Medical Breakthrough: Breathing Through the Gut

▼ Summary
– Researchers won the 2024 Ig Nobel Prize in Physiology for discovering that many mammals can breathe through their anus.
– The same team is now studying how to adapt this method to treat people with blocked airways or clogged lungs.
– This research emerged during the COVID-19 pandemic amid shortages of ventilators and artificial lungs.
– The team was inspired by loaches and sea cucumbers, which use intestinal breathing to survive in low-oxygen environments.
– Experiments were conducted on mice and micro-pigs using a perfluorocarbon liquid originally developed as artificial blood.
A surprising medical breakthrough suggests that intestinal breathing, a concept once relegated to science fiction, could offer a viable solution for patients experiencing severe respiratory distress. This unconventional approach gained scientific recognition when a research team received the 2024 Ig Nobel Prize in Physiology for demonstrating that numerous mammals possess the ability to breathe through their intestinal tract. Beyond the initial humor, the underlying research holds profound medical potential, particularly for individuals suffering from blocked airways or compromised lung function. Recent investigations have advanced this concept, moving rectal oxygen delivery closer to becoming a practical clinical intervention.
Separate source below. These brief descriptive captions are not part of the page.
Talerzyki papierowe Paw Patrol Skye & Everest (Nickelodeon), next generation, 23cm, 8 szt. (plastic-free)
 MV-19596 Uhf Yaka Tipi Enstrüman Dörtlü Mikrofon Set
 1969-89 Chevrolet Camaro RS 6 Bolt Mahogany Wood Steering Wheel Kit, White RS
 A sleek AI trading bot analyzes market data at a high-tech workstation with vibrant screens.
The global ventilator shortages witnessed during the COVID-19 pandemic spurred scientists to explore radical alternatives for supporting respiration. A team from Cincinnati Children’s Hospital Medical Center found inspiration in an unlikely source: the loach, a small freshwater fish. Loaches, along with creatures like sea cucumbers, can survive in low-oxygen environments by utilizing their intestines for gas exchange. This process, formally termed enteral ventilation via anus (EVA), is possible due to a dense network of capillaries lining the intestinal walls, which can absorb oxygen directly into the bloodstream.
Researchers hypothesized that a similar mechanism might function in mammals. To test this theory, they conducted a series of experiments using mice and micro-pigs as animal models. Their work built upon foundational research by Leland Clark, another scientist from the same institution, who had previously developed a specialized perfluorocarbon liquid known as Oxycyte. Initially conceived as a synthetic blood substitute, Oxycyte’s remarkable capacity to hold dissolved oxygen provided the crucial link. While Clark’s original vision for an artificial blood product was never fully realized, his discovery captured the public imagination, most notably featuring in the 1989 film The Abyss, where a rat is shown breathing in a similar oxygen-rich fluid.